The major newspapers extensively covered the daily movements of both the Young Girls Embassy, which visited Japan for twenty days, and the Concordia Society Embassy, which was in Japan for fifteen days. In addition to articles, often illustrated with inset photography, two papers published the message brought by the Young Girls Embassy: the Tokyo Daily (June 2, morning ed.: 11) and the Osaka Asahi (June 21, morning ed.: 11). Both the Tokyo Asahi and the Osaka Asahi held welcome receptions centered on children’s organizations, while the Tokyo Daily and Osaka Asahi primarily sponsored symposia and published articles on both groups of young female ambassadors. Yet the frequency of reporting on the Young Girls Embassy was greater, and the papers in Osaka more enthusiastic than those in Tokyo.

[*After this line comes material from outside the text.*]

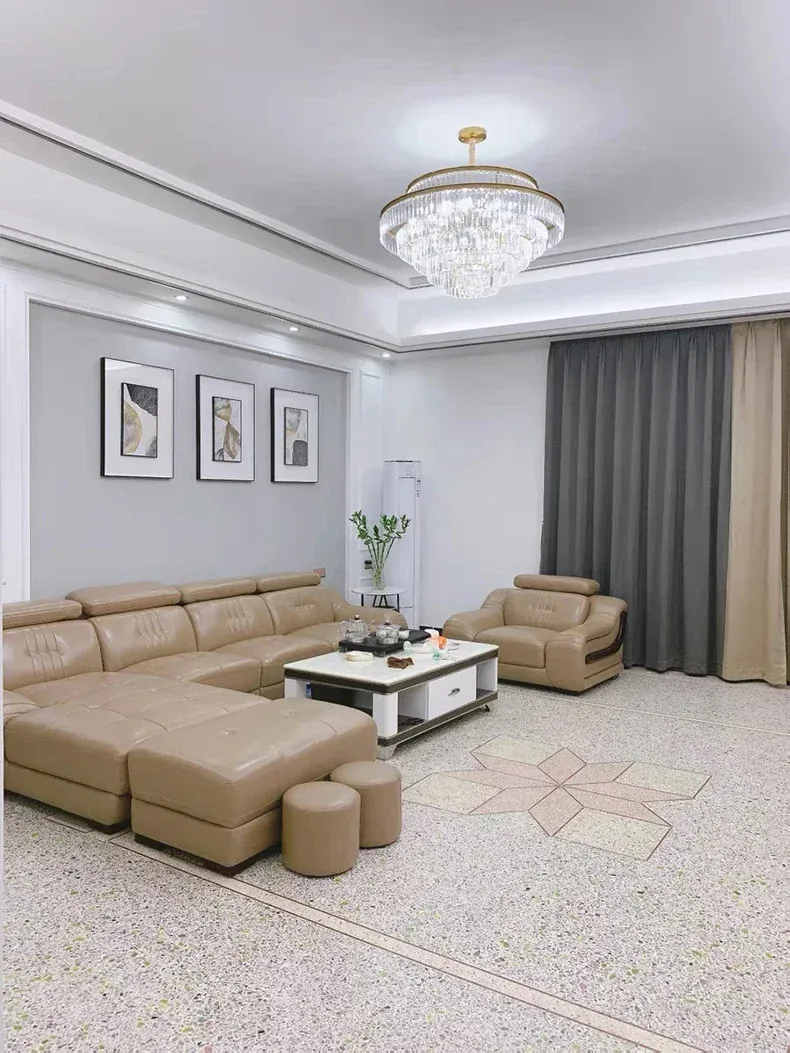 Grand Lustre Moderne en Verre pour Salon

In Tokyo, government and newspapers worked together in promoting the embassies. Records of the Ministry of Foreign Affairs for June and July 1932 contain reports on the movements of both embassies and their activities, sent to the Home Minister and Minister of Foreign Affairs from the local administrative chiefs of the various regions where the embassy groups stayed. Both embassies first went to Tokyo, paid ceremonial respects to the Imperial Palace, and visited both the Meiji Shrine, where the Meiji emperor is enshrined, and the Yasukuni Shrine, where the souls of the war dead are enshrined. Then the Young Girls Embassy visited various government ministries, including the Prime Minister’s Office, the Home Ministry, the Education Ministry, the Army and Navy Ministries, the Ministry of Colonial Affairs, and the Railway Ministry, as well as the five major newspapers. It also attended a reception sponsored by the Tokyo Asahi, a symposium sponsored by the Tokyo Daily, and various other welcome receptions centered on children.

The Concordia Society Embassy similarly attended a welcome reception sponsored by the Tokyo Asahi and a symposium sponsored by the Tokyo Daily. Then the women in the group visited the wife of Kwantung Army commander Honjō Shigeru while the men visited government ministries. In this way, the men engaged with the practicalities of government, while the two women shouldered the role of poster-girls for mass communication. It is clear that the schedules of both embassies were founded on the close cooperation of the major newspapers and the administration of the Manchurian and Japanese governments.

Judging only by the number of items about these embassies in newspapers, children were the more likely subjects of articles than young, unmarried women. Moreover, the places where the Young Girls Embassy went, from observations at various elementary schools, interactions with educators, and trips to famous places to radio appearances, were out in public, and thus they were easier to cover. Yet, as is apparent from the amount of journalism on both embassies, this prolonged coverage, accompanied by sensationalist titles and fervent public enthusiasm, leaves the impression that it was also sustained by a craze of welcome throughout the nation following the Manchurian Incident.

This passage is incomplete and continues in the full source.